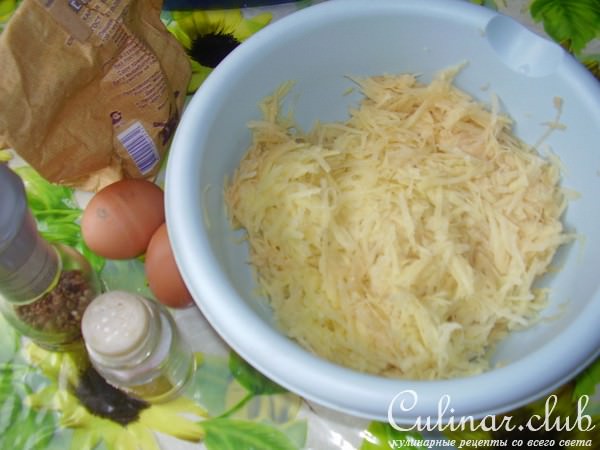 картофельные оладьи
^^^^^^^^^^^^^^^^
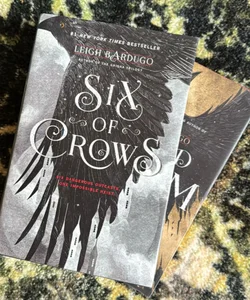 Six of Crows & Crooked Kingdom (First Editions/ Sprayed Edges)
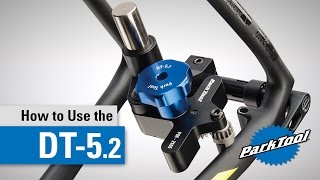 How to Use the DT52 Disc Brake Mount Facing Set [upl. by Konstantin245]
^^^^^^^^^^^^^^^^
REQUIRED WORK.
Word for word, write out the lines above running from the one with "Six of Crows" up to and including the one with "How to Use the". Drop any picture.

TASK SOLUTION.
 Six of Crows & Crooked Kingdom (First Editions/ Sprayed Edges)
 How to Use the DT52 Disc Brake Mount Facing Set [upl. by Konstantin245]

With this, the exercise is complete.